A Lady Gaga também esteve bastante bem e os dois tiveram aqui uma química incrível, mas se é para ela que os holofotes estão virados, é ele que carrega o filme. É um bocado batota fazer esse brilharete enquanto bêbado e drogado quando já se foi um, mas não lhe tira o mérito, de todo.

Excelente drama de puxar a lágrima, musiquinhas que ficam no ouvido, uma excelente tarde de cinema com quem se ama.

Incredibles 2

Por razões óbvias consumo muitos filmes de animação hoje em dia, mas verdade seja dita que também uso os miúdos como desculpa e que grande parte provavelmente veria na mesma; este é sem dúvidas um deles.

O primeiro filme tem um lugar especial no meu coração, e tinha que tirar a limpo se tantos anos depois e com tantos maus exemplos este lhe faria jus ou não, e saí do cinema bastante satisfeito, a Pixar ultimamente não tem falhado. A fórmula é super-batida, os super-heróis ostracizados, o drama familiar, o regresso glorioso (isto não chega a ser spoiler…), mas está tudo no sítio.

Comédia na boa, bastantes gags que só os adultos percebem, pertinentes observações sociais (ex. igualdade de género, parecer versus ser) e o bebé a roubar completamente a cena tornaram este filme um dos meus preferidos do ano passado, e quiçá tenha até suplantado o primeiro.

BLACKkKLANSMAN

Sou fanzaço do Spike Lee. Por vezes me chateia que a sua filmografia seja tão inconstante, alternando coisas boas com muita porcaria pelo meio, mas parte disso também se explica pela sua coerência e independência; ele é bastante fiel aos temas e ao seu estilo, e parece preocupar-se mais com isso do que com o sucesso comercial, o que é de louvar (umm lembrei-me do remake manhoso do Oldboy, mas um homem tem que pagar as contas).

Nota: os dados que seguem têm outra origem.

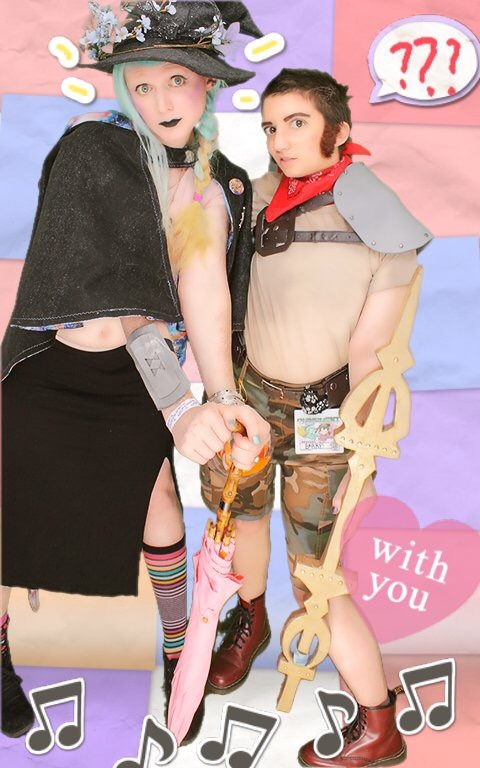 So Animenext had a purikura machine, so we decided to have Taako and Magnus give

Neste Spike Lee joint ele acerta em cheio na fórmula. O primeiro polícia negro de Colorado Springs tem a audaciosa ideia de infiltrar-se no Ku Klux Klan local, e o resto é história. Um filme de outro tempo, filmado com um ritmo “à antiga” mas com uma série de paralelos e provocações com a nossa actual era, alternando entre a comédia e a tensão com grande estilo.

Uma nota interessante da qual não me tinha apercebido: o protagonista é filho do Denzel Washington, aparentemente the apple didn’t fall far from the tree.

Outra nota interessante: para os fãs de The Wire, tem um gostinho especial ouvir certo personagem a repetir uma certa interjeição.